June 23: Today was another killer day, with a very long route (though mostly at low altitudes).  We had to drop from our refuge down to the Isere river and then back up into the Parc de la Vanoise.  We started before 8am and made great progress down, first to Valezan and then eventually to Landry.

It was hot hot hot today.  This was a nice break from the rain and cold of the previous days.  We stopped in Landry and ate lunch (bread, cheese, olives, snickers) on a bench by the main road up valley.  We were on schedule and pleased as punch with ourselves.  It had been an uneventful walk, and definitely not beautiful.

After lunch, we continued our ascent, heading to the Parc de la Vanoise.  We finally got to the end of the road, where a beautiful refuge was unfortunately closed for summer refurbishment.  I was dead tired and it was 3.30pm.  I got a lift with a phone call from my parents and Lynn got one from her aunt Kathleen.  We had been out of cell phone range for most of the past couple of days (only reception at cols really), that it was nice to hear familiar voices.  We had about a 3 hour walk from the closed refuge.

We started uphill, and were surprised by the number of walkers coming down.
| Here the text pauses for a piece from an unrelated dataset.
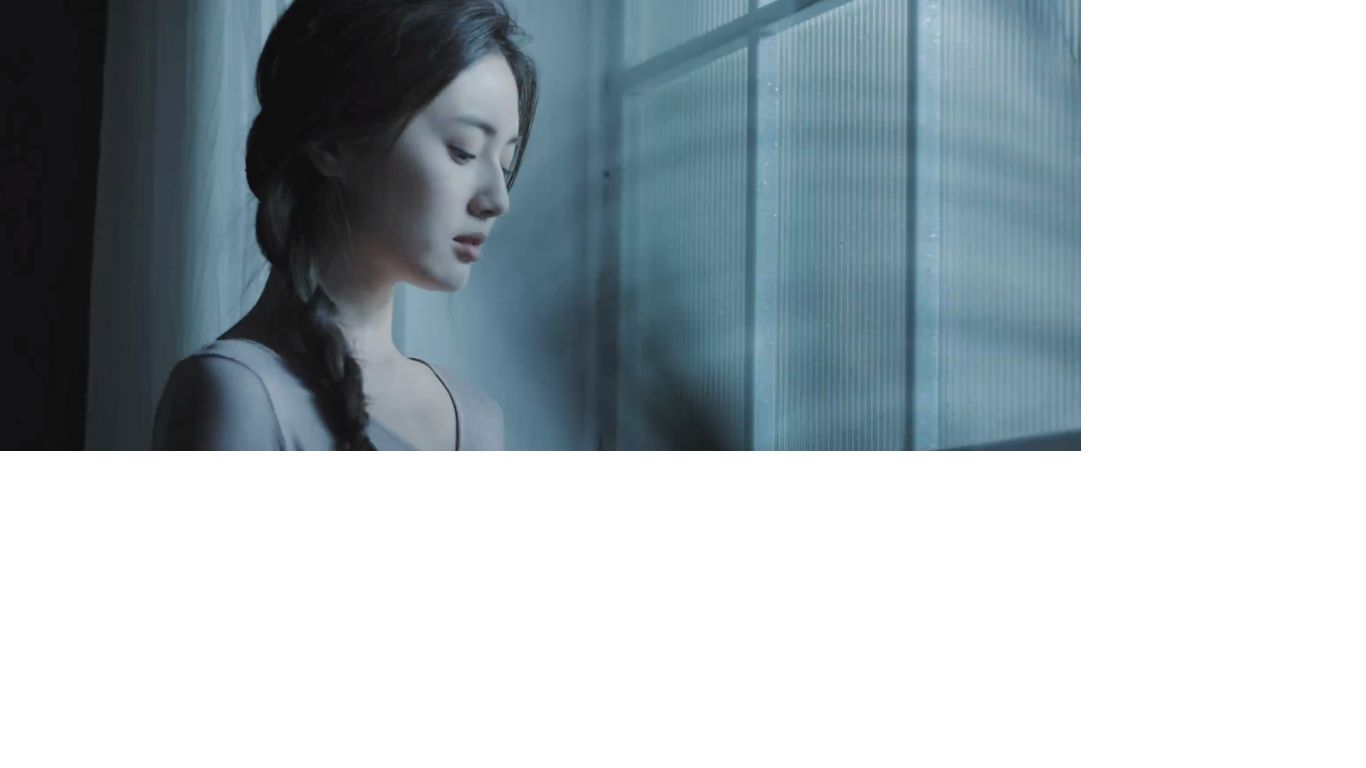 廣告拍攝優(yōu)秀創(chuàng)意策劃都看哪些網(wǎng)址？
There must have been 100 people.  Lynn and I were worried that the refuge we wanted to stay at would be full.  Alas, the refuge only had an answering machine, so we had left our message and we hoped that we would have space for the evening.

We walked uphill, and it soon became the most beautiful garden in the world.  We were on a steep mountain face that was fully in bloom with a variety of mountain flowers.  We walked on a tiny path with flowers blooming up to our waists on both sides.  The scenery was magnificent, with huge mountains looming all around us and lovely waterfalls.  I really wanted to snap some photos, but my feet were aching and I was struggling just to keep going.

We came out of the beautiful alpine flower gardens and into a Canadian Rocky-esque wooded portion of the walk.  We don’t walk through many nice forests (though plenty of hot, damp, muggy alpine forests).  This was a rare exception, and Lynn and I loved it.

We were getting tired as we reached a boulder field.  We had dropped 1,300m in the morning and had climbed 1,400m so far this afternoon.  A little stream meandered by as we picked our way up to our lake and then to the refuge.It was 6.45pm, a very long day and we were exhausted.  The refuge was an old stable (it was an upside down half-pipe) that had been renovated 25 years earlier.

We arrived at the refuge to a less than pleasant greeting.  They hadn’t received our message about the reservation.  One of the guardians was very friendly and said he would make it work.  Unfortunately, he was going down.  I was unsure what the problem was.  Were they full?  Did they not have enough food?  After some discussion, I found out they didn’t have a veggie meal (they were having pork soup and sausages for dinner).  I was happy to cook from our little stash, and after ordering a half litre of wine and some cheese and cooking a lovely meal of soup, mashed potatoes and pasta, we sat and chatted with the guardian.  Thankfully, there was a worse villain than us (we showed up late, the other guy never even showed up, and they had made the porky dinner for him!!!)

Lynn did great today, leading the route and being very positive.  I was sure happy that she was going so well, as it kept me going.  I’m a lucky fella having a wife like her.  Ironically, when we got to the refuge, she crashed and I had a burst of energy and made dinner while she couldn’t move next to the fire.

As we were so cold the night before, today we brought out our sleeping bags to keep us warm.  All night I sneezed and my nose was running.  In the morning, I realized it must be related in some way to the stables, because as soon as I left the refuge, I felt great.  Crazy that after 25 years, the allergens remain.

We stayed up late listening to 1.5 hours of Dickens.  A great story.